The regulations take a more proactive approach than past data privacy laws, which addressed what must happen in the wake of a security breach. These new Massachusetts regulations, on the other hand, are intended to keep personal information from being breached in the first place. And even the well-known HIPPA guidelines do not address the various privacy issues raised by this initiative.

Framework for Safeguards

Most organizations will find themselves working hard over the next few months to meet the compliance deadline. Under the new law, organizations must develop, implement, maintain and monitor a comprehensive Written Information Security Program (WISP) to ensure the security and confidentiality of personal information in both physical and electronic format. A WISP provides the framework for the necessary administrative, technical, and physical safeguards, which include:
  • Information-handling processes. It is possible that your current processes have the capability to protect private information, but organizations must have a full understanding of how those systems work and should designate a Data Security Coordinator to ensure a smooth and complete transition to an airtight environment. That individual can then move to shore up and document loose ends, limit the amount of private data collected, and retain that information only as long as absolutely necessary.

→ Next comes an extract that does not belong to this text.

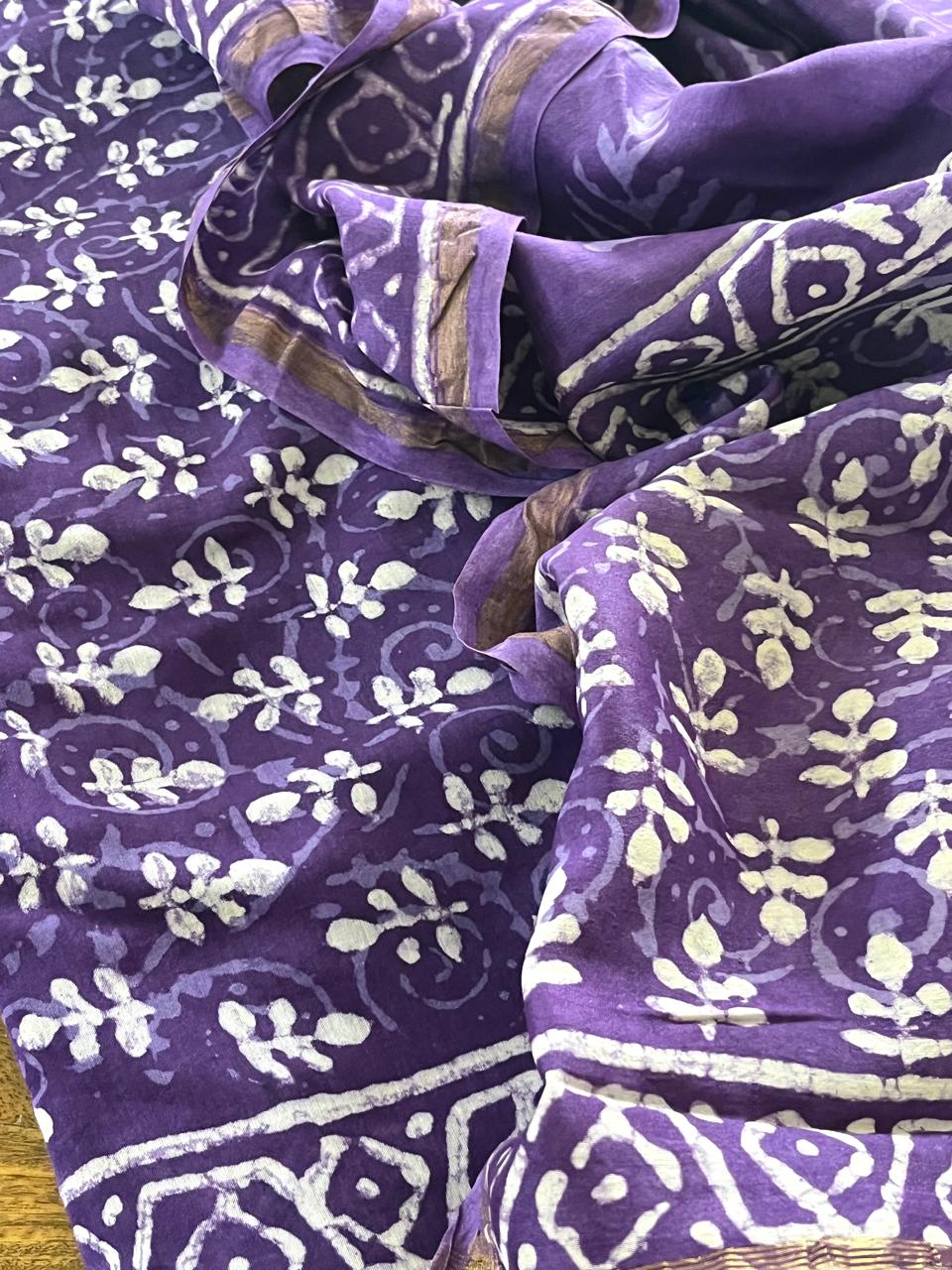 Chanderi 3 piece Dabu Handblock Print Suit - Purple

  • Personal information access. Access to private data is a primary concern, and organizations should ensure their information is kept secure. Access should be extremely limited, with protections against external threats and vigilant visitor monitoring procedures in place.

  • Encryption. In addition to limiting access, organizations must encrypt all personal information stored or transported in electronic format on portable devices. That includes web sites and data that might be traveling across wireless and public networks. Policies for off-site use of personal information on portable storage devices (i.e. laptops, flash drives) also need to be established.

  • Vendor management. Third-party vendors (such as payroll services) will need to be evaluated to ensure they are maintaining appropriate safeguards for personal information. Even though written certification is no longer required for this area, organizations should recognize that when it comes to data protection, the buck stops with them, not with providers.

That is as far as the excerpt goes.